Don Quijote dari la Mancha hadir dengan banyak salah tulis dan penyuntingan yang tidak bisa dikatakan memadai. Sedikit contoh kecil dari Buku I misalnya “kelahiranannya” (hal. 24), “denga” (hal. 29), “mengingatanku” (hal. 389). Kita mungkin memaklumi salah tulis semacam itu dengan berlandaskan pada apologi waktu penerjemahan singkat “satu tahun” yang disinggung oleh penerjemah dalam pengantar, tetapi pemakluman terhadap apologi tersebut tidak berarti semua usai dan revisi menjadi takmesti. Pada saat edisi cetakan selanjutnya dipublikasikan, kapan pun itu, apologi waktu penerjemahan yang singkat itu tentu sudah tak berlaku lagi.
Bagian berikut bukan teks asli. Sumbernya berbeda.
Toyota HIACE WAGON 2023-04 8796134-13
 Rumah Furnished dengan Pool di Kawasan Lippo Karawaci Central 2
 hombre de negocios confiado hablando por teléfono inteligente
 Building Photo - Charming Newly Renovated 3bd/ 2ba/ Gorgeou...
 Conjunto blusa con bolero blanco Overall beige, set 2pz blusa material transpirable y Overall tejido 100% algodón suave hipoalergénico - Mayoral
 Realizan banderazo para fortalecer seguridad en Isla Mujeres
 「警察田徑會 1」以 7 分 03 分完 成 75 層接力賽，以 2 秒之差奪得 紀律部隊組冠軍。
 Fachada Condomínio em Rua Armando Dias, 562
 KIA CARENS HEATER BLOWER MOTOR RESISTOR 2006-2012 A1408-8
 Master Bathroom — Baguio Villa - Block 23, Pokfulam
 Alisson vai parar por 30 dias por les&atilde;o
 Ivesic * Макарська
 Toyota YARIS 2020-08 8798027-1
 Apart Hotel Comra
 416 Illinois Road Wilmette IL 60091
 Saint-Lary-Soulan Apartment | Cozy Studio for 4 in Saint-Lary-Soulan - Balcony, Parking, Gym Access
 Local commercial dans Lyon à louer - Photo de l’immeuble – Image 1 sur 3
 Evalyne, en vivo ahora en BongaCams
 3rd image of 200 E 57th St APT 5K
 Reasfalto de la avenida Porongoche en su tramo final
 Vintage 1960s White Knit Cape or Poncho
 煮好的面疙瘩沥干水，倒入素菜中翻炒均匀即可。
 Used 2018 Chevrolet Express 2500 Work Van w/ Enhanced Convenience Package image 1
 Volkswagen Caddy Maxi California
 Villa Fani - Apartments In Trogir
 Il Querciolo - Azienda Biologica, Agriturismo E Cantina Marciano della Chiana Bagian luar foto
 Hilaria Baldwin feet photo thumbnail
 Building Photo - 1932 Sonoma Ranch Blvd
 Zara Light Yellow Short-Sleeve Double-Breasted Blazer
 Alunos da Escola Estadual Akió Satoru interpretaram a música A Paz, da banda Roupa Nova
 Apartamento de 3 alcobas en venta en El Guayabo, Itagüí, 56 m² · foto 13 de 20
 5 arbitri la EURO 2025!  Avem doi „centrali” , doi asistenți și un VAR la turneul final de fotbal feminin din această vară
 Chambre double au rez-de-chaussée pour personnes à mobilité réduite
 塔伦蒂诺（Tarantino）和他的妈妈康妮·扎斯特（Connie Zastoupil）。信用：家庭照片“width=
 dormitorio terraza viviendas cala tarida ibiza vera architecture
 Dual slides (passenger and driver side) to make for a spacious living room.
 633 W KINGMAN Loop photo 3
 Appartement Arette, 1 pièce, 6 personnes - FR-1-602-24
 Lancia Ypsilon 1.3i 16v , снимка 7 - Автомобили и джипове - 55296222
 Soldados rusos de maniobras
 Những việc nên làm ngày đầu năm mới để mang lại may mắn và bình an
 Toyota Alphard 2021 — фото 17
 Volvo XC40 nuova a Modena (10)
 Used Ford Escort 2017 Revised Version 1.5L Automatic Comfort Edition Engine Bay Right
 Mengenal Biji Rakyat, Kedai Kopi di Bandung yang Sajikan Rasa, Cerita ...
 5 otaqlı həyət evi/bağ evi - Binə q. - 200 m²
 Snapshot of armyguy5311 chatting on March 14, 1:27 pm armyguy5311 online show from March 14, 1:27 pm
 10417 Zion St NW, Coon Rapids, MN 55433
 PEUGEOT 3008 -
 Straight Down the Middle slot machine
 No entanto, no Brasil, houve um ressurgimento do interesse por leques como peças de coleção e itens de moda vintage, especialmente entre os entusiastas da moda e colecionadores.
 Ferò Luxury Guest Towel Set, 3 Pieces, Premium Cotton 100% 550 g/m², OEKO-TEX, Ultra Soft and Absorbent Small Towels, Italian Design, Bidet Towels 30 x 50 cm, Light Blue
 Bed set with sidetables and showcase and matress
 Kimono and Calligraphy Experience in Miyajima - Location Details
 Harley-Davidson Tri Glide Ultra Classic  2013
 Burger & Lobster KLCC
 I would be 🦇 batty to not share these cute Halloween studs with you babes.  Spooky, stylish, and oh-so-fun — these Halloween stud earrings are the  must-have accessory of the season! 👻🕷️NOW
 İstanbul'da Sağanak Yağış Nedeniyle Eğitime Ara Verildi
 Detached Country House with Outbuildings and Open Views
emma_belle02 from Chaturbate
Pada bagian halaman hak cipta Don Quijote dari la Mancha disebutkan bahwa “judul asli: El ingenioso hidalgo don quijote de la Mancha”. Tidak ada informasi tentang penyunting, tidak ada informasi tentang pemeriksa aksara. Pengantar buku Don Quijote dari la Mancha Buku I ada tiga. Pertama sambutan dari Duta Besar Spanyol untuk Indonesia, José Maria Matres Manso, kedua dari Goenawan Mohamad, ketiga dari penerjemah, Apsanti Djokosujatno. Pada Buku II pengantar penerjemah tidak diikutsertakan.

Dari pengantar Don Quijote dari la Mancha tampak bahwa buku terjemahan ini lahir sebagai salah satu bentuk kerja sama Indonesia-Spanyol. Maka dari itu, sah belaka jika kita menduga buku yang lahir dari bentuk kerjasama dua negara seperti ini tentu hanya melibatkan dua bahasa pula: satu bahasa sumber dan satu bahasa sasaran, dalam kasus Don Quijote dari la Mancha bahasa Spanyol dan bahasa Indonesia. Lagipula pencantuman hanya “judul asli” dalam bahasa Spanyol pada halaman hak cipta memperkuat dugaan tersebut. Pada halaman tersebut biasanya buku terjemahan memuat informasi mengenai naskah sumber, dalam kasus novel Don Quijote kalau misalnya yang dijadikan naskah sumber adalah edisi bahasa Inggris maka ilaharnya yang dicantumkan akanlah judul edisi bahasa Inggris.   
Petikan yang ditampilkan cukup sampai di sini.